Microsoft currently works with nearly all major hardware vendors to define vendor-specific best practice configurations that can be certified to deliver 99.999 percent reliability (also known as Five-9s level of service) or better, if required.

Regardless of the features and functions available, technology alone does not guarantee reliability. The factor that contributes the most to reliability is the culture of professionalism ingrained in the operation and management of an enterprise computing facility. When migration to Windows is considered, the disciplines and processes traditionally associated with the mainframe must also be migrated to ensure success and reliability.

The Windows Server System was designed to deliver high availability and reliability, and does so through the following means:

Protected application memory space. The Windows Server guarantees that no other application can violate an application's protected memory space. The .NET Framework also imposes constraints on rogue processes and includes mechanisms to proactively validate the correct behavior of processes.
Support for failover processing. The Windows Server supports server clusters of up to eight nodes for any server application, with failure or maintenance requirements triggering other nodes to immediately begin providing failover service. Windows Server 2003 also supports network load balancing (NLB) that balances incoming Internet Protocol (IP) traffic across nodes in a cluster.
Economically feasible redundancy. Although fully redundant processing configurations are often not economically feasible in the mainframe environment, the substantially lower cost of Windows Server Systems means that redundant configurations are often a viable option.
Automated Deployment Services (ADS). This allows for the automated and remote distribution of software and patch upgrades, minimizing the amount of individual downtime and reducing the risk of human error in maintenance processes.
Policy-based management. This feature enables one-to-many management, allowing the management of very large distributed systems environments on a policy or profile basis, instead of by individual system or user.
Windows Management Instrumentation (WMI). WMI provides access to more than 10,000 system objects through application, scripting, and command line interfaces, allowing them to be finely monitored, controlled, and reported.
Troubleshooting features. These features include built-in performance monitoring, logging, tracing, and system recovery capabilities to enable quick troubleshooting and the resolution of abnormal operating conditions.
Microsoft Operations Manager (MOM). MOM provides knowledge packs for specific Windows Server components and for other Microsoft server products that use knowledge about product-specific and component-specific events to filter, determine the severity of, and help identify causes, and develop solutions for these events.

A highly reliable system exhibits a variety of positive attributes; these are listed in Table 2.1.

Table 2.1: Reliability Attributes

Attribute	Description
Resilient	The capability of the computing environment to continue operating in a fully functional state, without degradation caused by hardware or software failure.
Recoverable	In instances where outages do occur, the capability of the environment to be restored to full capacity with minimal loss of data.
Controllable	The capability to provide timely and expected services as required.
Uninterruptible	The capability to implement required changes and maintenance procedures without disruption of services.
Production-ready	As delivered, the software environment contains a minimum number of bugs and requires a limited number of predictable patches or fixes.
Predictable	The behavior of the computing environment is consistent, that is, what worked previously will continue working.

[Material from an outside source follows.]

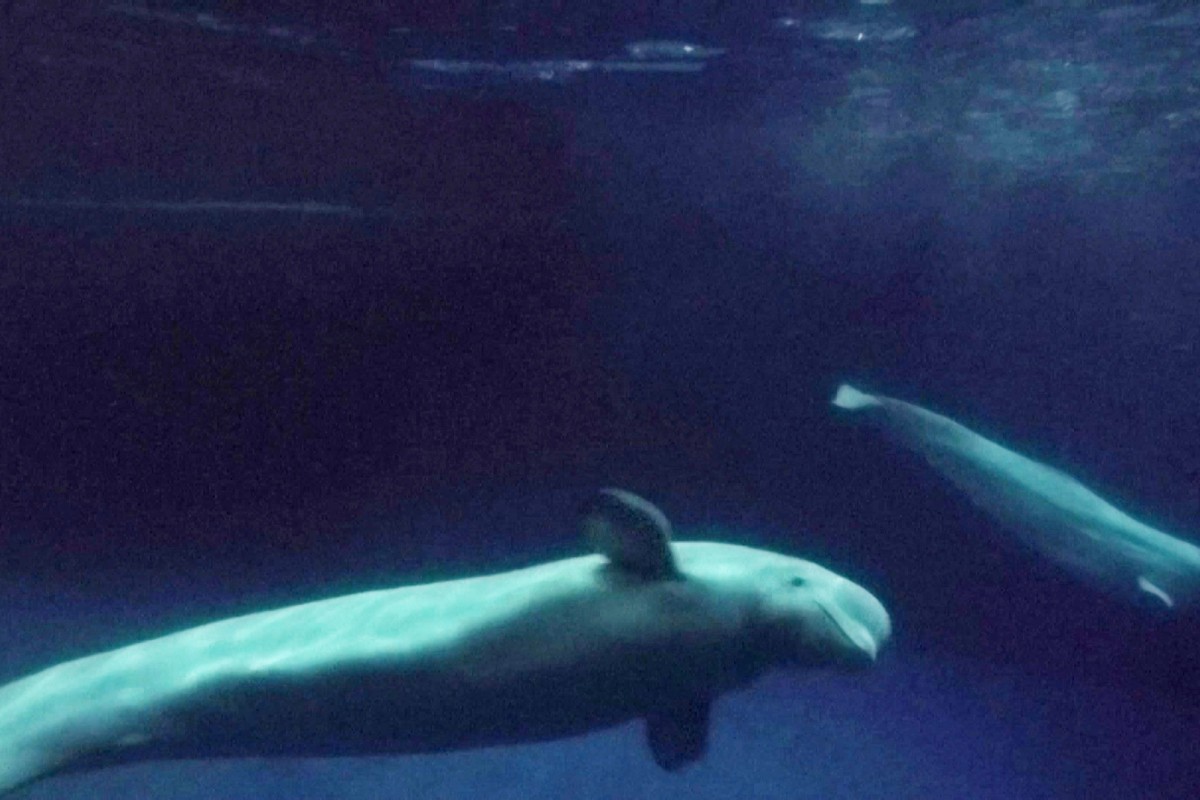 Captive beluga whales freed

This chapter mainly focuses on the "resilience" factor, the attribute most commonly associated with reliability of the mainframe and Windows Server System environments.

Mainframe Reliability

Mainframes have a reputation for being highly reliable. They represent mature technology that is stable and not prone to failure, allowing most computing centers to operate mainframes without active failover mechanisms enabled for noncritical applications that can tolerate modest amounts of downtime.

For applications less tolerant of downtime, multiple processing units can usually fulfill the need for failover. Should a processor unit require maintenance or suffer hardware or software failure, the load carried by that unit is absorbed by other units. This is accomplished by transferring the processing load of less critical applications to another machine or logical partition.

Generally, mainframe operating systems have built-in support for processor-related failover, while DASD-related failures are usually mitigated by software in the control units that manage such drives, and by the high parallelism inherent in disk farms and

Redundant Array of Inexpensive Disks (RAID) technology. Applications can thus continue to function while a particular drive is unavailable because of maintenance or because of a failure.

Failures that cause the loss of a complete processor complex, a disk farm, or the physical data center cannot be addressed as easily. In this case, prudent businesses have a contingency plan to continue application processing at another site.

This site may be an additional processing center that is normally used by the business, or may be a shared facility whose use is secured by contract for contingencies only. Extensive planning by IT professionals is required to ensure that the critical workload can be moved to the backup facility when required. Typically this transfer is not immediate, and involves substantial manual processes.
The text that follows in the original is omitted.